Copy exactly and only the lines running from the one that contains "Funko Pop The Twilight Zone The Gremlin 1583" to the final line of the data below, without the pictures.

Records supplied Block Start

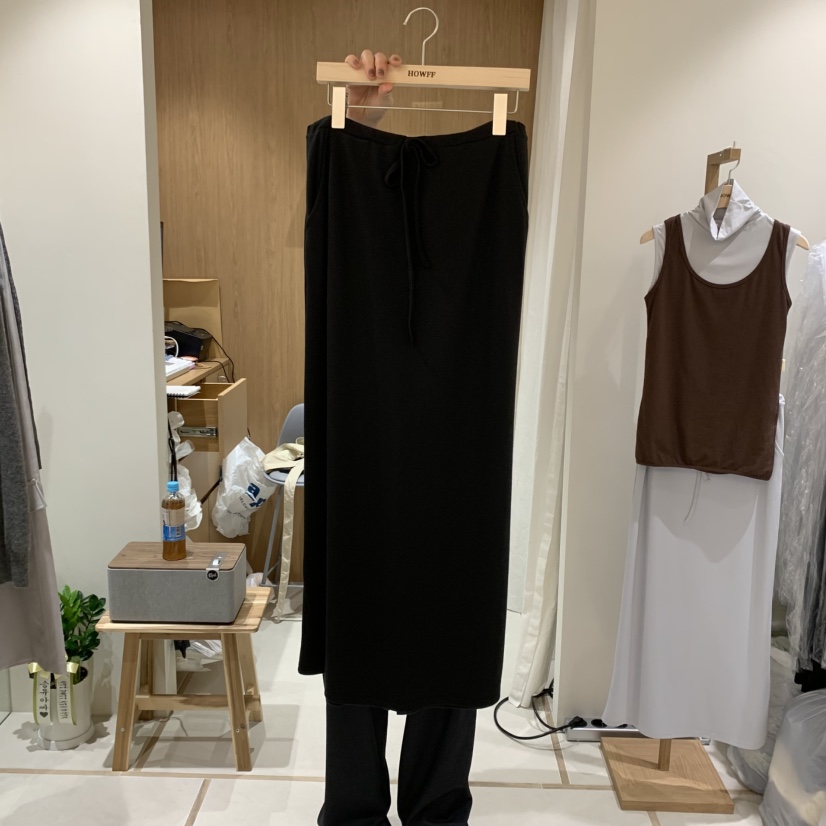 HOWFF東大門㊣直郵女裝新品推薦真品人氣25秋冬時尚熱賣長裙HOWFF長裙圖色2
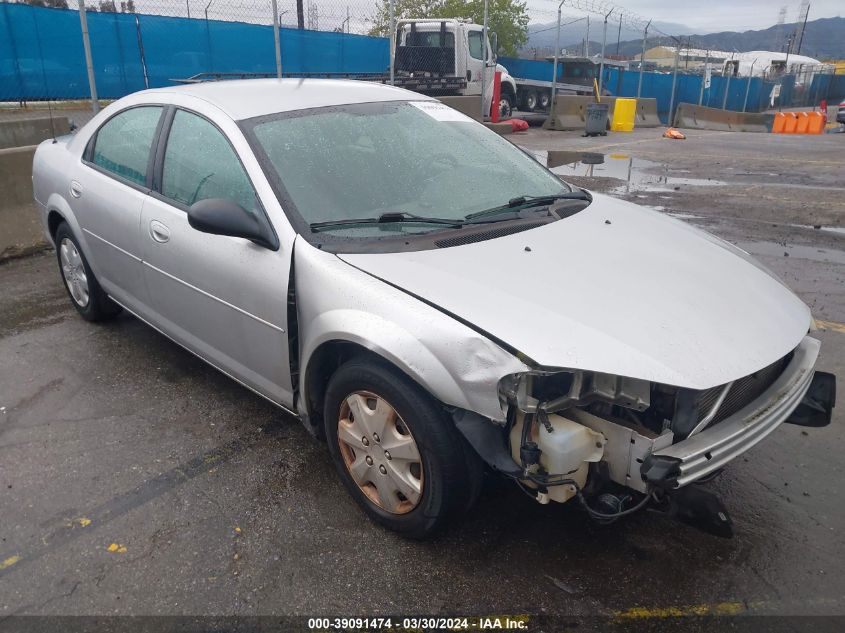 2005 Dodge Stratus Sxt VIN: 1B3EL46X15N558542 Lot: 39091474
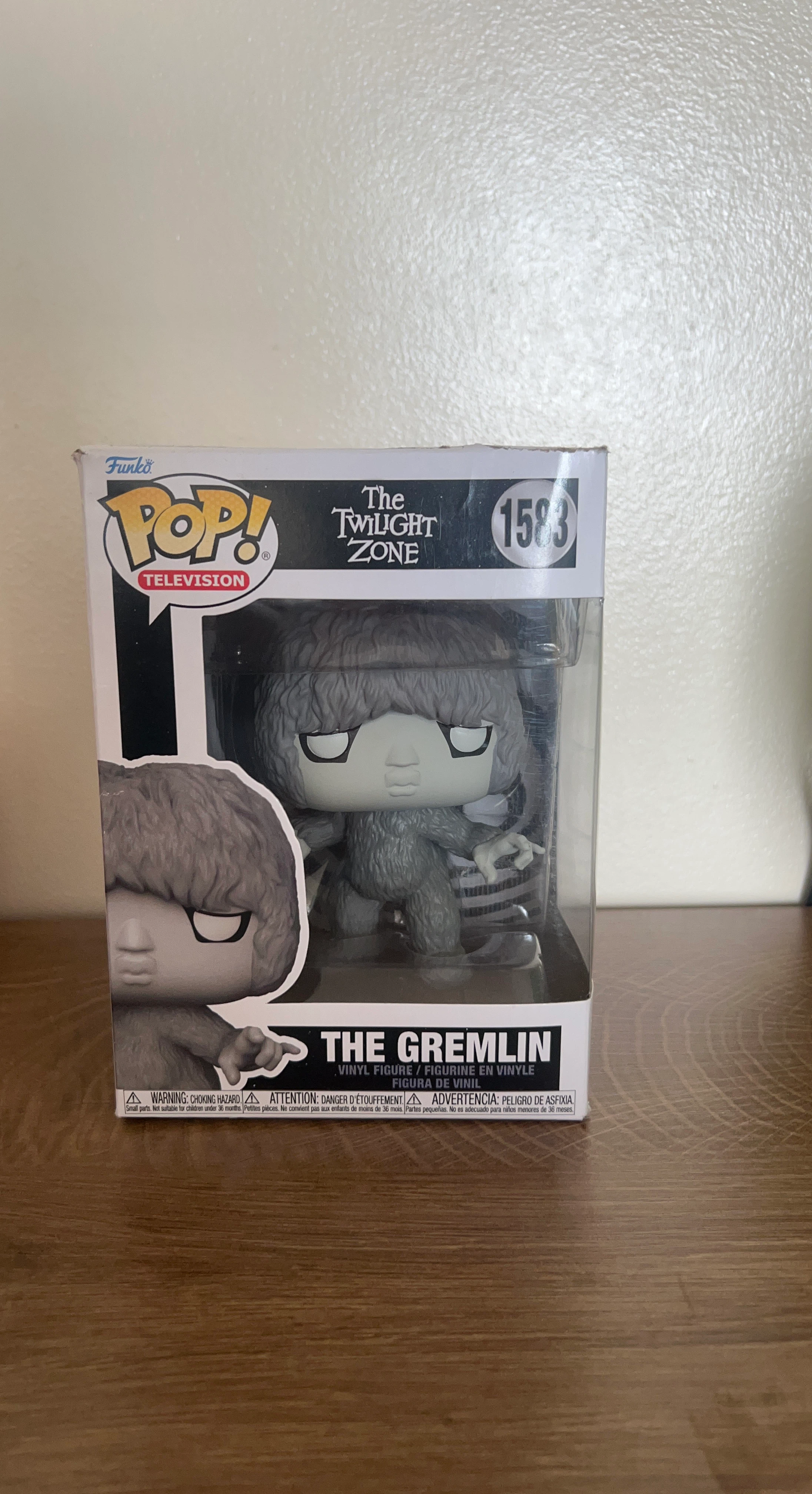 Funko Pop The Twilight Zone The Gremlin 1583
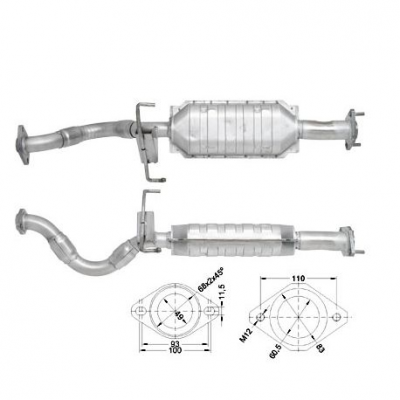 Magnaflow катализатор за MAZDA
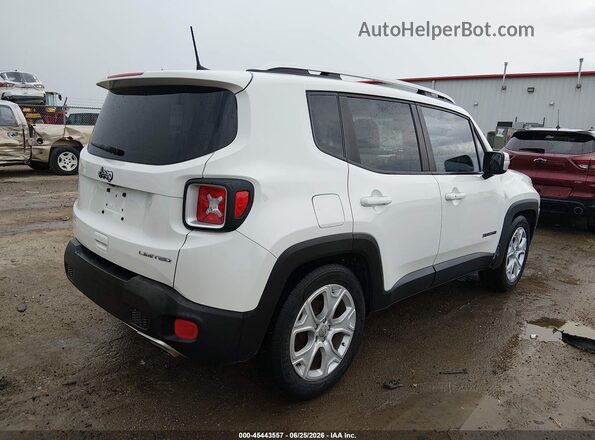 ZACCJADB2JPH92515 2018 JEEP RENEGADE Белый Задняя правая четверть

Records supplied Block End

Solution to the problem>
 Funko Pop The Twilight Zone The Gremlin 1583
 Magnaflow катализатор за MAZDA
 ZACCJADB2JPH92515 2018 JEEP RENEGADE Белый Задняя правая четверть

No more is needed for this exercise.